Something away from Bifferland but still within their radar is the rise of Pegida in Europe and the person in charge, convicted criminal Tommy Robinson. He’s been inciting hate over in Germany and the eventual rise in tensions appear to be from Pegida’s message of hate. They are coming over here, the last two times they managed 50 or so marchers as the right wing over here is fragmented and suspicious of each others groups. The German police have caught a neo-nazi group attempting terrorist attacks against mosques and Muslims, but again no condemnation from Europe, no leaders sending messages of support to the Muslim community just a media blackout.

Finally the new marching season appears to be on the horizon, with the right wing cockwombles visiting various places in Britain under various guises, BUF, BUP, White man march, Biffers, EDL, Casuals, National Unity, This is England and on and on and on. They think they are clever trying to pull those who can’t abide these idiots from place to place but the truth is their marches will be countered and will be in numbers the right can only dream of.
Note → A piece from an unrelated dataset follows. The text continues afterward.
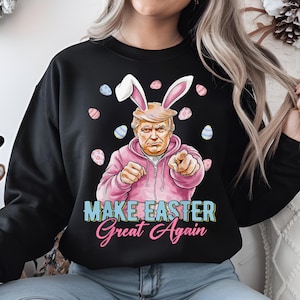 Divertente Pasqua Trump PNG / Rendi la Pasqua di nuovo fantastica Clipart / Parodia politica Download digitale / Sublimazione del meme del coniglietto pasquale, Trump Pasqua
Now back to the studio (thats a better link than Goldibollocks ever dreamed of), we are still gaining sponsorship money for the Industrial estate shuffle but would still like to raise more to help the victims of the floods, we are still mainly countering the biffers but cockwombles like the EDL, Trump, Pegida et al will all be scrutinised, we are all refreshed and raring to go.

I was asked if my handbag present to the Landlady worked, I have the pleasure to report it did which is why this week I have tried my best not to laugh at the Biffers attempts to get me a divorce.